|Harry Potter and the Chamber of Secrets propelled Warner to a leading 21% market share in the first six months.|
JULY 14 | The popularity of DVD continued to fuel the home video market, with consumers spending a record $10.2 billion to rent and buy videos during the first half of the year, a 16% gain compared to the first half of 2002.
Consumers spent $4.8 billion of that buying DVDs, according to VB estimates based on studio data. In comparison, they spent just $1.05 billion to buy VHS copies of movies during that same period, though many new release titles were available on videocassette only for rent.
Meanwhile, the rental market, which has seen slight declines during the past few years as VHS slips from consumer’s favor, gained 3.5% for total revenue of $4.35 billion, with DVD edging VHS for the first time.
Warner Home Video once again dominated the overall market, with total sales and rentals of $2.14 billion for a 21% share. The studio distributed the Top 2 video sellers: Harry Potter and the Chamber of Secrets, which posted $237.1 million in video sales and rentals, and HBO Video’s My Big Fat Greek Wedding, with $231.7 million.
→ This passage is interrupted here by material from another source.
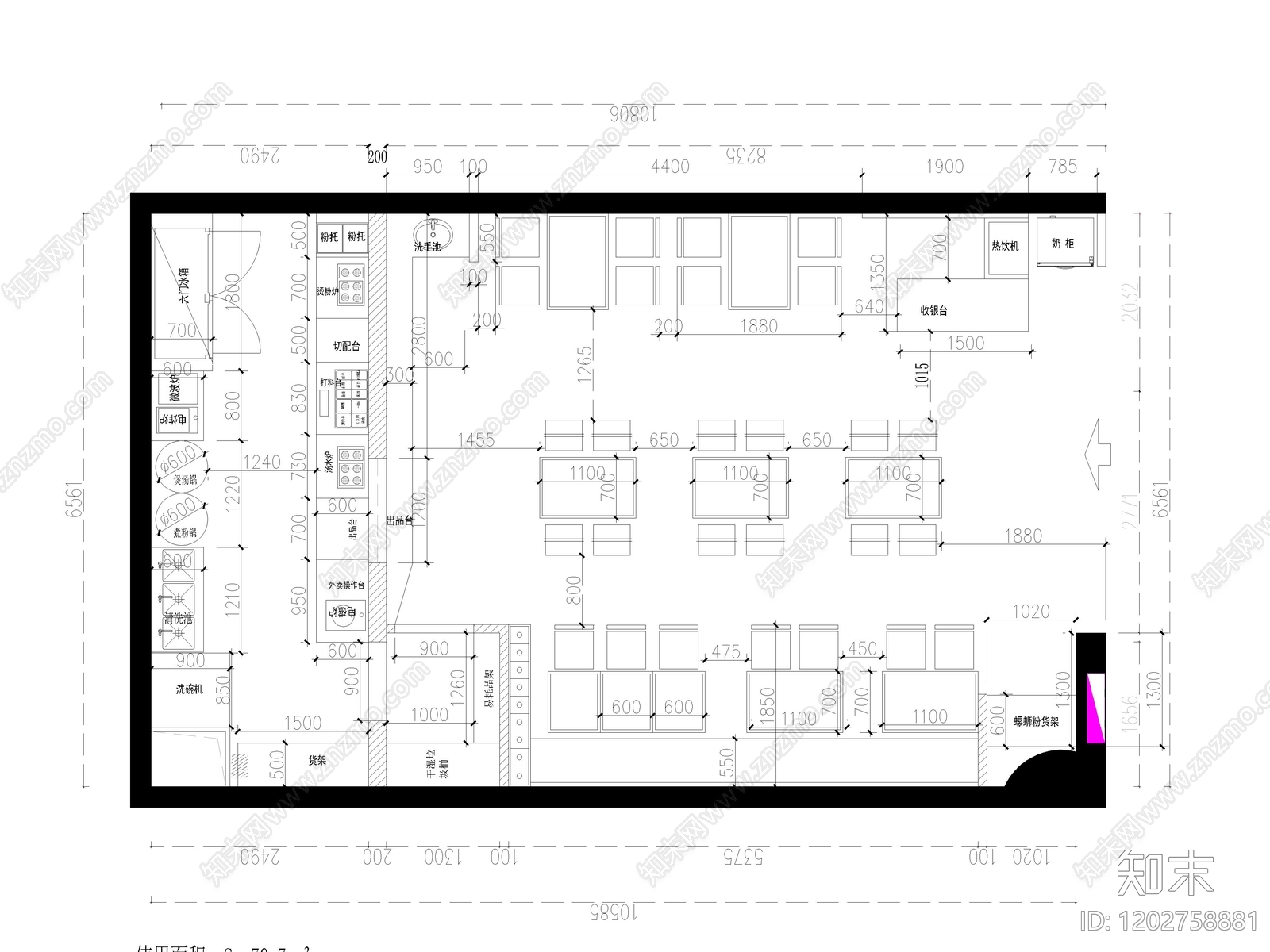 现代其他餐饮空间cad施工图下载【ID:1202758881】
Ron Sanders, U.S. executive VP and general manager of WHV, said Warner has been able to maintain that market share through focusing on catalog and non-new release sales. In addition to HBO, the studio distributes product for sister company New Line as well as BBC Video and PBS.
“It has allowed us to maintain our minimum market share despite the peaks and valleys of new release business,” Sanders said.
He also acknowledged, however, that the broadening DVD consumer demographic helped the studio during the first half of the year.
“What we’ve really seen is that recent purchasers of DVD players are skewing much more female and much more family than before,” said Sanders. “That’s why Harry Potter and My Big Fat Greek Wedding sold so well.”
Further evidence of the female influence was the Top 10 DVD sales/rental rankings for two other romantic comedies, Buena Vista Home Entertainment’s Sweet Home Alabama and Columbia TriStar Home Entertainment’s Maid in Manhattan.
“This is the year where the romantic comedy broke out on DVD,” said Ben Feingold, president of CTHE. “Women are now embracing DVD, purchasing items for themselves as opposed to purchasing for their children or husbands.”
Buena Vista also got a boost from the growing DVD family market, which the studio estimates grew by 69% during the first half. Consumers spent $1.78 billion on titles from Buena Vista, which also distributes product from Miramax Home Entertainment.
“Right now, we’re all kind of on the optimistic side in terms of where the market is going,” said BVHE president Bob Chapek. “We’re obviously pleased with family.”
Universal Studios Home Video president Craig Kornblau echoed Chapek’s enthusiasm.
“The story of the first half of the year is that we have had this incredibly healthy business,” he said. Noting that the tremendous increase in sales revenue is all incremental because it has not come at the expense of the rental market, which continues to grow, Kornblau said, “Consumers have a real hunger for home entertainment.”
Universal’s The Bourne Identity, which earned $121 million in theaters, was the top renter for the first six months, with rental revenue of $74.8 million.
Likewise, DreamWorks Home Entertainment, whose videos are distributed by Universal, had four of the Top 20 titles overall and four of the 15 best renters, led by The Ring, which earned $59.7 million at rental counters, leading to overall spending of $145 million on the title.